XPeng also opened an all new factory in Guangdong, which will be responsible for rolling out its newly-released P7 EV sedan model. The startup is looking to continue its growth into the Chinese EV market and to prepare for an IPO in the US.
NIO and XPeng continuously demonstrate their eagerness to tap into the EV market. Yet, questions have risen regarding the sustainability of the industry – and rightly so, especially during a global pandemic.
Overall motor vehicle sales dropped by 42.4% as the country faced the outbreak of COVID-19. The production of EVs in China fell by 60% in the first quarter of 2020. Sales of the alternative energy vehicles also plummeted by 56.4%.
“As people feel concerned about their incomes, their businesses, major discretionary purchases like buying a new car will no doubt be impacted,” said Rupert Mitchel, Chief Strategy Officer of Chinese EV company WM Motor.
Despite these doubts and shocking first quarter numbers, the Chinese EV industry is showing signs of a strong recovery. NIO achieved record sales in May 2020 even with the onslaught of the pandemic. The introduction of NIO’s upgraded ES8 SUV model resulted in an increase in sales north of 200%.
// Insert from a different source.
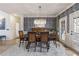 Bright dining room with a patterned wallpaper and glass doors leading to the outdoor space, perfect for entertaining at 3825 Bishops Walk, Cumming, GA 30041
If there is any indicator for a possible bright future for the market, it’s in Volkswagen’s sizeable injection of capital into the ecosystem just last month.
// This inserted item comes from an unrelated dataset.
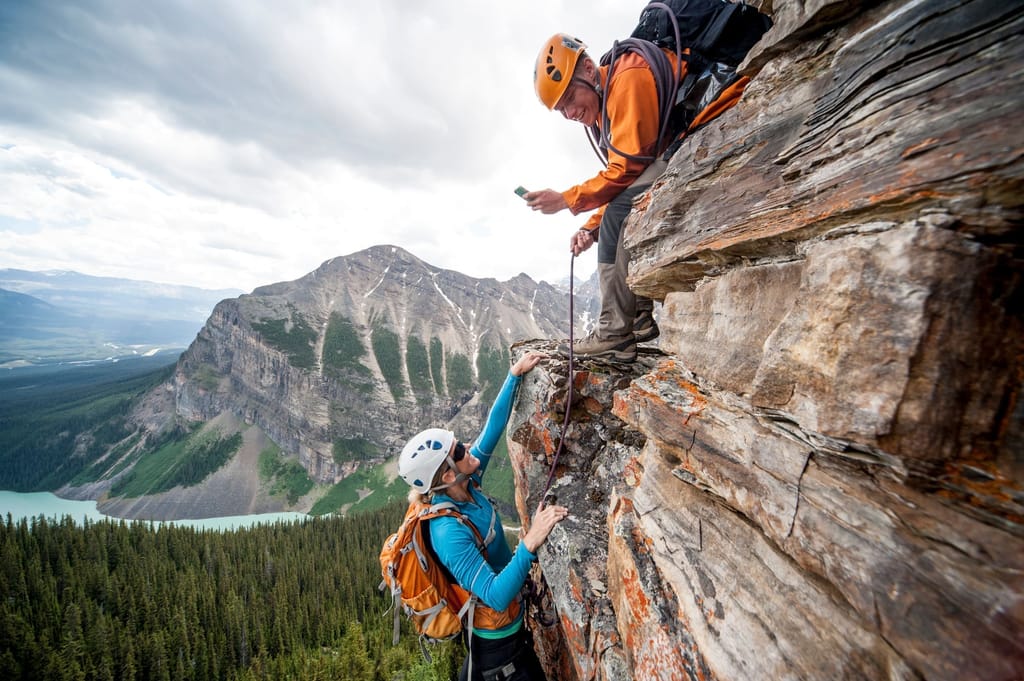 Two rock climbers on a cliff face, one reaching up to the other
The German motor conglomerate invested more than €2 billion (US$2.3 billion) to enlarge its presence in China’s EV industry. The company will also make a separate investment worth €1.1 billion (US$1.25 billion) in Shenzhen-listed battery cell manufacturer Gotion. The 26% acquisition will see a further development of the Chinese battery industry beyond CATL.
VW also increased its holdings in an EV joint venture with Chinese motor company JAC Automotive Group. VW will consequently take a 50% stake in previously state-controlled JAC’s parent company Anhui Jianghuai Automotive Group to shift production efforts to Anhui—the future locus of Chinese EV production.
Not only is VW’s capital investment likely to lead to the further stimulation of China’s EV industry, but the Chinese state is targeting to have EVs comprise 25% of 2025’s annual vehicle deliveries, a move which is likely to do the same.
At the end of the day, it’s evident that China’s EV market is far from lacking in numbers. NIO and XPeng are a small sample of a plethora of companies that are diligently discovering new ways to make EVs in China more viable than ever.
Battery R&D companies such as CATL are also simultaneously powering the advancement of these motor companies. Moreover, Tesla’s early-mover advantage introduced millions of Chinese people to the future of electric vehicles and ultimately contributed to the industry’s growth.
These innovative developers, coupled with the EV-friendly regulation environment, together have the potential to propel China’s market for electric-powered mobility towards unprecedented growth. Not only will China grow to finally compete with traditional European car manufacturers, but its alternative energy vehicles will more importantly guide the world in taking a small, yet important, step towards climate friendliness and environmental sustainability – something the world desperately needs.